Augure API
OpenAI-compatible chat completions API on sovereign Canadian infrastructure. No US exposure. No CLOUD Act.
Base URL: https://api.augureai.caData Routing & Residency
All API requests enter through our gateway on OVHcloud infrastructure in Beauharnois, Quebec. Inference runs on sovereign infrastructure with no US parent company in the stack — no data touches US infrastructure at any point. Ossington 4 runs on Canadian GPU infrastructure (Denvr, Calgary). Prompts are encrypted in transit (TLS 1.2+), never logged by Augure, and never used for model training.
Authentication
All API endpoints require a Bearer token. Include your API key in the Authorization header of every request.
curl https://api.augureai.ca/v1/models \
-H "Authorization: Bearer YOUR_API_KEY"Getting a key: API keys are issued through our gated application process.

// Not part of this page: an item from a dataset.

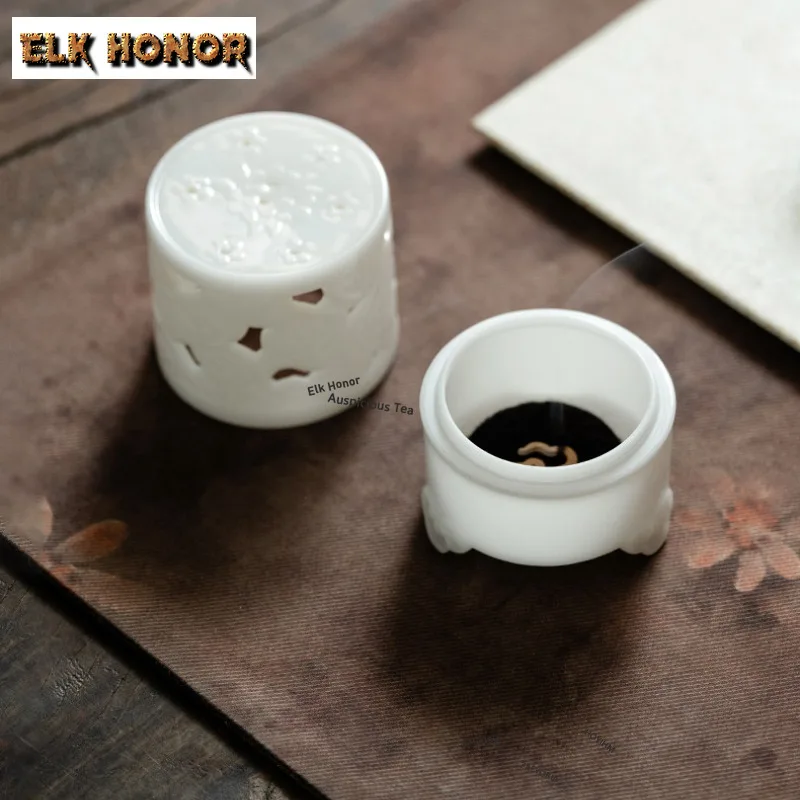 ZAEYORIA Ice Crystal Jade Mineral Clay Hollow Incense Holder Zen Pagoda Incense Burners Consecrate Censer Yoga Tearoom Crafts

Apply for access to get started.
Models
Three models are available, optimized for different workloads.
ossington-4Large model, highest capability
Complex reasoning, legal analysis, document review
tofino-2.5Fast, efficient small model
Chat, summaries, quick tasks
augure-nanoCompact 8B model
Classification, extraction, simple tasks
OpenAI compatibility: The aliases gpt-4, gpt-4o, gpt-4o-mini, and gpt-3.5-turbo are supported for drop-in compatibility with OpenAI client libraries. They map to ossington-4 and tofino-2.5 respectively.
Endpoints
/v1/chat/completionsCreate a chat completion. Accepts the same request format as the OpenAI chat completions endpoint.
Parameters
| Field | Type | Required | Description |
|---|---|---|---|
| model | string | Yes | Model ID (see Models above) |
| messages | array | Yes | Array of message objects |
| stream | boolean | No | Stream response via SSE. Default: false |
| temperature | number | No | Sampling temperature (0.0–2.0) |
| max_tokens | number | No | Max tokens to generate (up to 32,768) |
| top_p | number | No | Nucleus sampling threshold |
| stop | string | array | No | Stop sequence(s) |
Each message in the messages array has a role ("system", "user", or "assistant") and a content string.
Example Request
curl -X POST https://api.augureai.ca/v1/chat/completions \
-H "Authorization: Bearer YOUR_API_KEY" \
-H "Content-Type: application/json" \
-d '{
"model": "ossington-4",
"messages": [
{"role": "system", "content": "You are a helpful assistant."},
{"role": "user", "content": "What is the Civil Code of Quebec?"}
]
}'Example Response
{
"id": "chatcmpl-a9adf17e-5ff3-4804-b01e-f7cbd30ae996",
"object": "chat.completion",
"created": 1771286577,
"model": "ossington-4",
"choices": [
{
"index": 0,
"message": {
"role": "assistant",
"content": "The Civil Code of Quebec (Code civil du Québec) is..."
},
"finish_reason": "stop"
}
],
"usage": {
"prompt_tokens": 24,
"completion_tokens": 150,
"total_tokens": 174
},
"_augure": {
"gateway_region": "ca-montreal-1",
"inference_region": "augure-cloud",
"request_id": "a9adf17e-5ff3-4804-b01e-f7cbd30ae996"
}
}Streaming
Set "stream": true to receive Server-Sent Events. Each event is a JSON chunk with a delta object containing incremental content. The stream ends with data: [DONE].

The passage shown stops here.